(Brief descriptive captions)

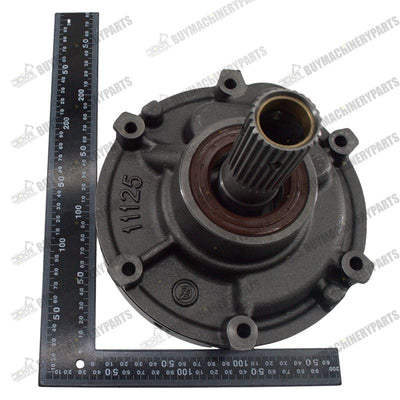 Transmission pump 181199a4 for case 590sm 590sl 590l 588g 586g 585g 580sm 580sl 580m 580l 570mxt 570lxt - Buymachineryparts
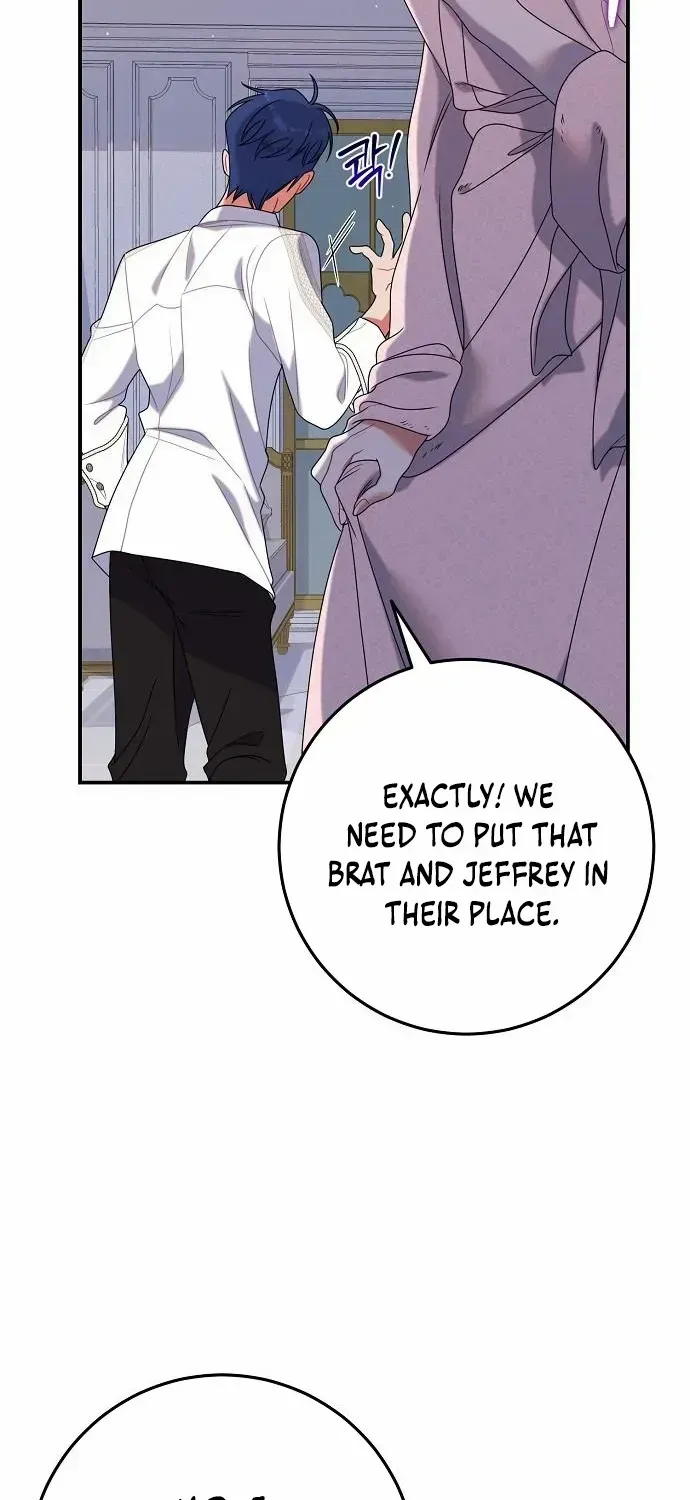 I Found A Family That Wasn’t In My Adoption Plan Zinmanga X Chapter 15 Page 76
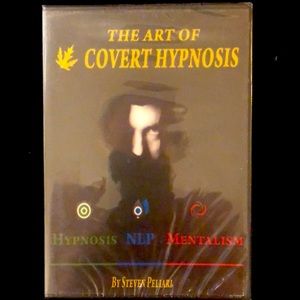 The Art of Convert Hypnosis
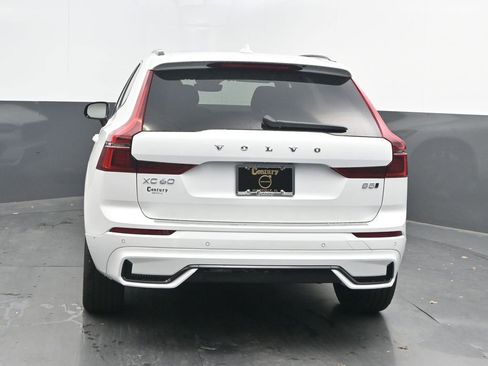 New 2026 Volvo XC60 B5 Plus w/ Protection Package Premier AWD/4WD image 6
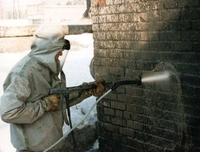 Устранение засоров,прочистка,промывка труб,канализации, очистка стен,опалубки - Изображение #4, Объявление #1665956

▶ **Exercise description**
Strip the images and reproduce the remaining records precisely.

▶ **Final answer**
 Transmission pump 181199a4 for case 590sm 590sl 590l 588g 586g 585g 580sm 580sl 580m 580l 570mxt 570lxt - Buymachineryparts
 I Found A Family That Wasn’t In My Adoption Plan Zinmanga X Chapter 15 Page 76
 The Art of Convert Hypnosis
 New 2026 Volvo XC60 B5 Plus w/ Protection Package Premier AWD/4WD image 6
 Устранение засоров,прочистка,промывка труб,канализации, очистка стен,опалубки - Изображение #4, Объявление #1665956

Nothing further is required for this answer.